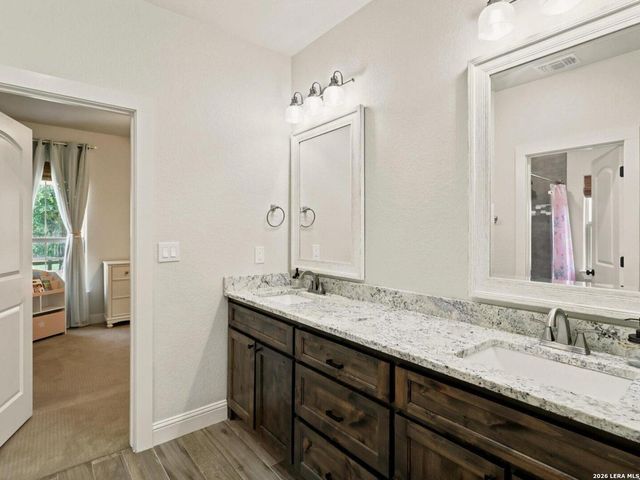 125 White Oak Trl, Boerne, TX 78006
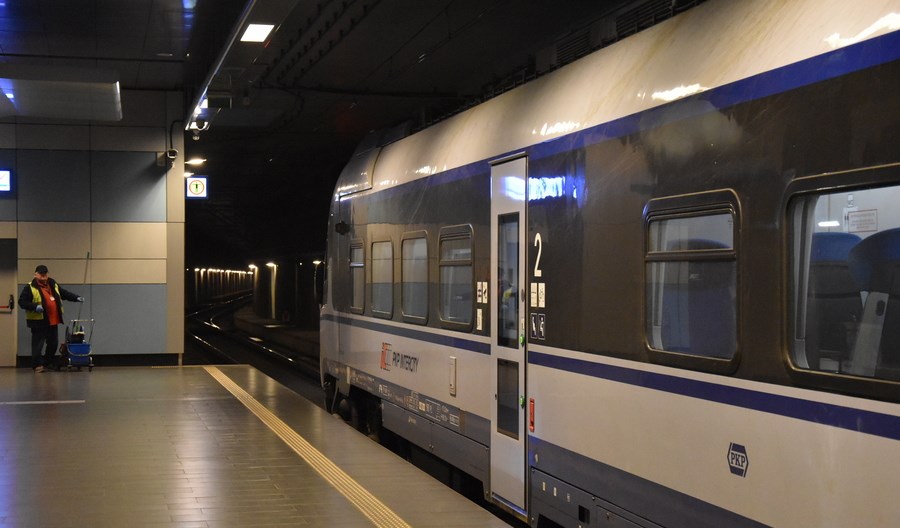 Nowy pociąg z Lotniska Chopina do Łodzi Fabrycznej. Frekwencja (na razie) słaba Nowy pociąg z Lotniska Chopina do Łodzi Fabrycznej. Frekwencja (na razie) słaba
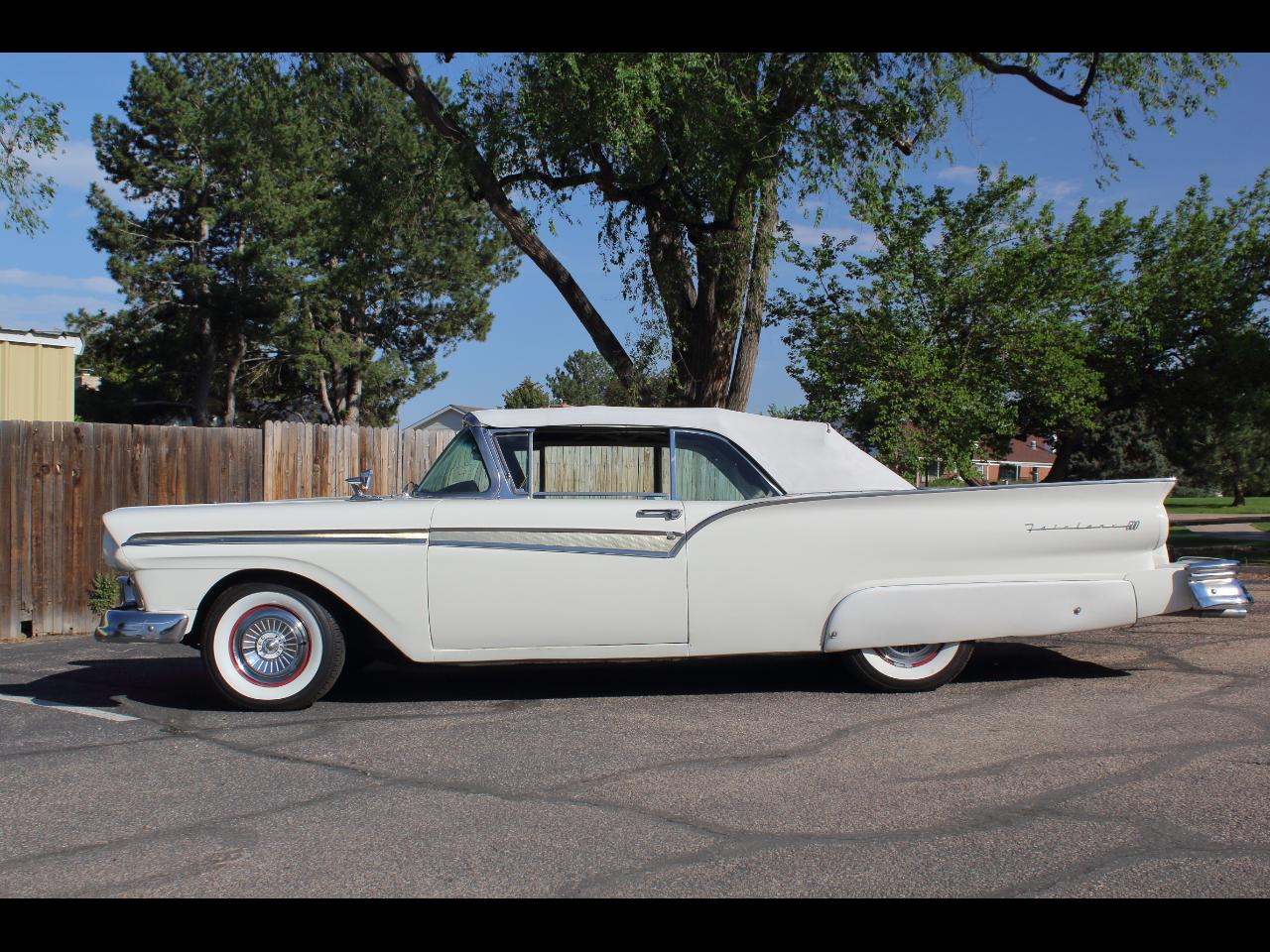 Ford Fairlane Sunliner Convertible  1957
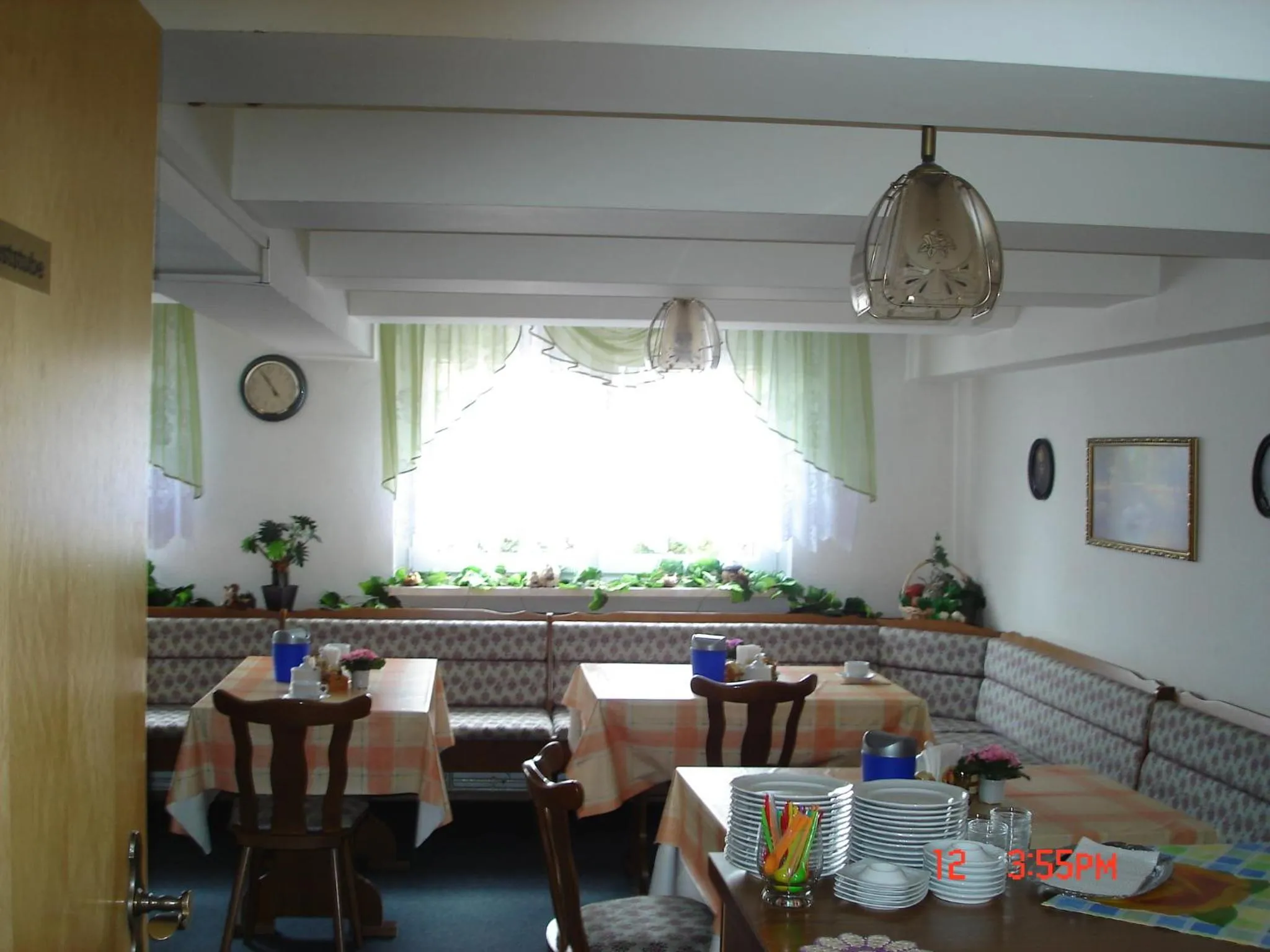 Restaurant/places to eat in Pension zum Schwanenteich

----

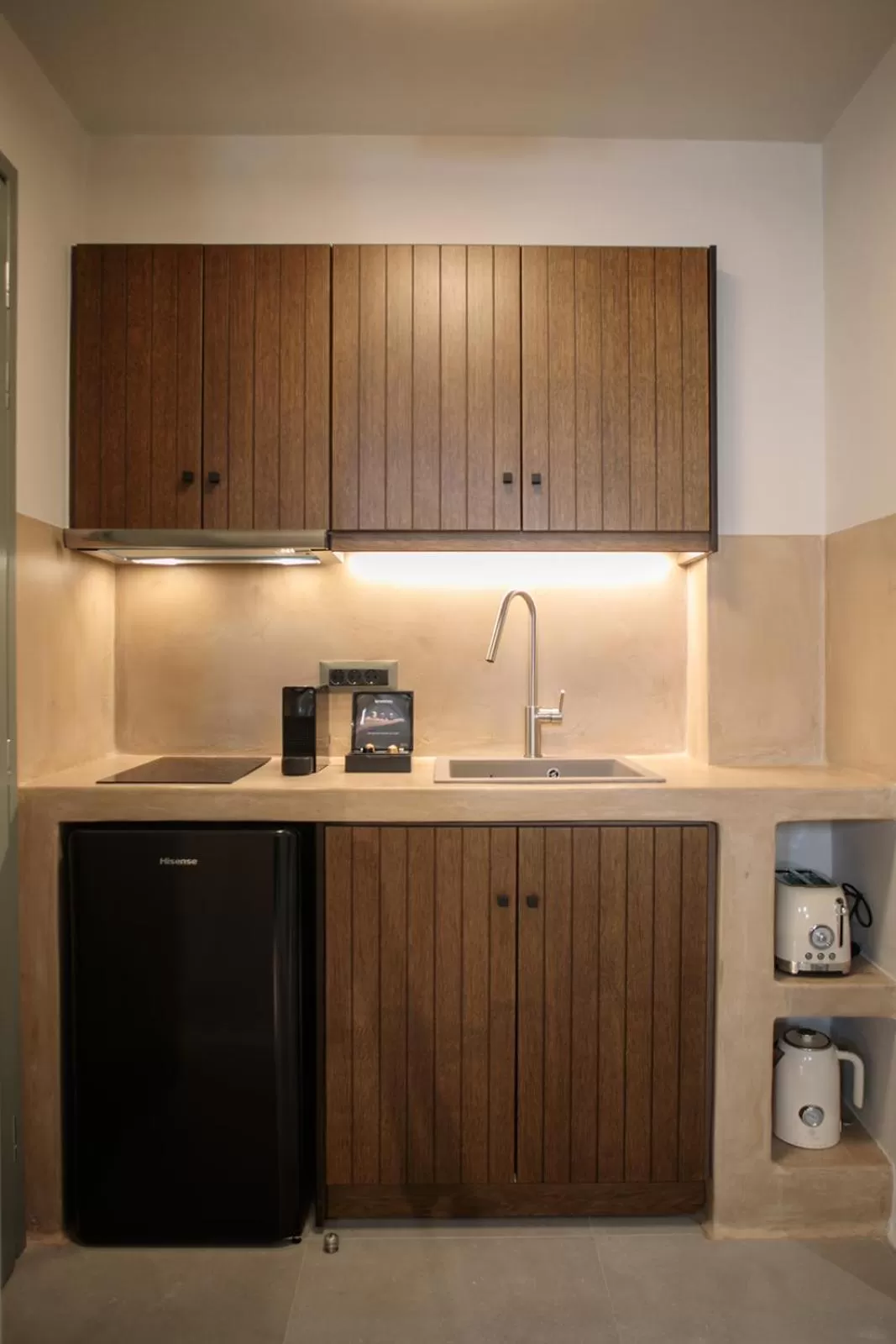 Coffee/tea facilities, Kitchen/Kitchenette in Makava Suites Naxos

----

**ASSIGNMENT:**
Would you print exactly the lines in the listing above, from the line bearing "125 White Oak Trl, Boerne, TX 78006" through the line bearing "Restaurant/places to eat", leaving out all pictures?

**ANSWER BELOW:**
 125 White Oak Trl, Boerne, TX 78006
 Nowy pociąg z Lotniska Chopina do Łodzi Fabrycznej. Frekwencja (na razie) słaba Nowy pociąg z Lotniska Chopina do Łodzi Fabrycznej. Frekwencja (na razie) słaba
 Ford Fairlane Sunliner Convertible  1957
 Restaurant/places to eat in Pension zum Schwanenteich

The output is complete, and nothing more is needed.